Advanced Robotics: The technology that makes it possible to use robots in industry and services, such as manufacturing, maintenance, cleaning, and other functions. Their usage in factories creates a more agile, productive, competitive and safe market. Industrial robots usually perform repetitive tasks that require precision.

Algorithm: A sequence of mathematical instructions and rules that a computer uses to calculate an answer.

Artificial Intelligence (AI): Artificial Intelligence enables machines to learn patterns and make decisions for themselves. In industry, it allows a large increase in production at a much lower cost, making plants more competitive and efficient.

Augmented Reality (AR): Augmented reality (AR) is an interactive experience of a real-world environment where the objects that reside in the real world are enhanced by computer-generated perceptual information, sometimes across multiple sensory modalities, including visual, auditory, haptic, somatosensory and olfactory.
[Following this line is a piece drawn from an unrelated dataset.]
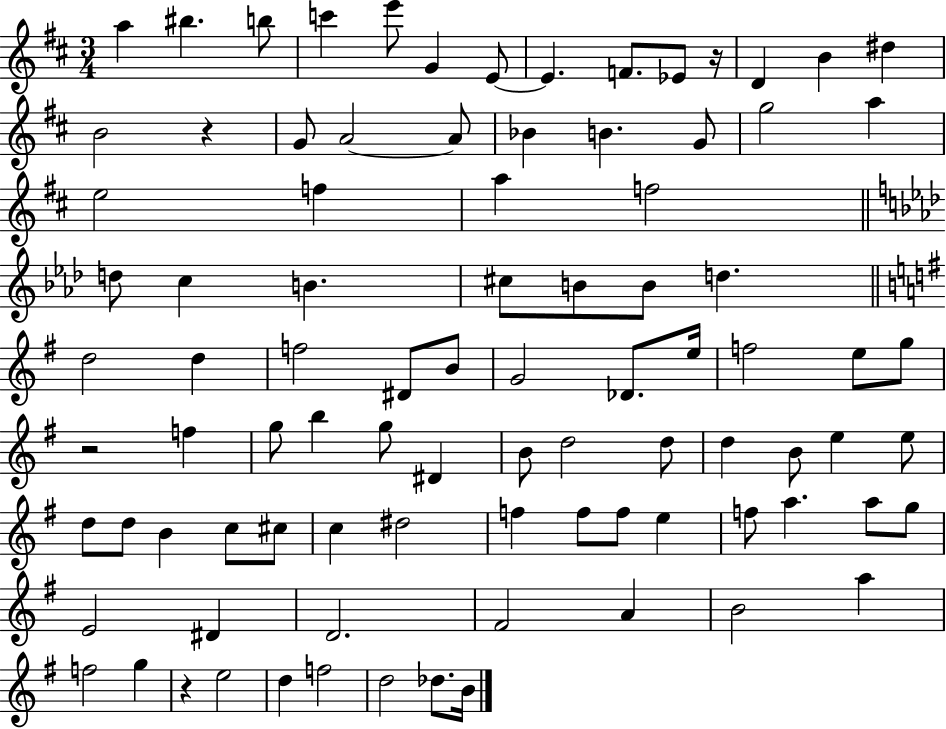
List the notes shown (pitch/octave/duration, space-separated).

Automation: Describes the use of digital systems to control equipment and machinery within a factory.

Autonomous: These are technologies that can work on their own, without human intervention. Robots, drones and even cars can be autonomous. They automate functions using artificial intelligence and can interact with other machines, objects, and people, in an intelligent way.

Big Data: Big data corresponds to the huge volume of data constantly collected, processed and analyzed by software/models. They can be used to predict patterns, detect errors, and understand the consumption profile of customers. It is based on this data that the Internet of Things, Artificial Intelligence, Deep Learning, and many other Industry 4.0 technologies work. Get more info on Big Data.

Blockchain: A blockchain is a growing list of records, called blocks, which are linked using cryptography. Each block contains a cryptographic hash of the previous block, a timestamp, and transaction data. By design, a blockchain is resistant to data modification. It is “an open, distributed ledger that can record transactions between two parties efficiently, and in a verifiable and permanent way”.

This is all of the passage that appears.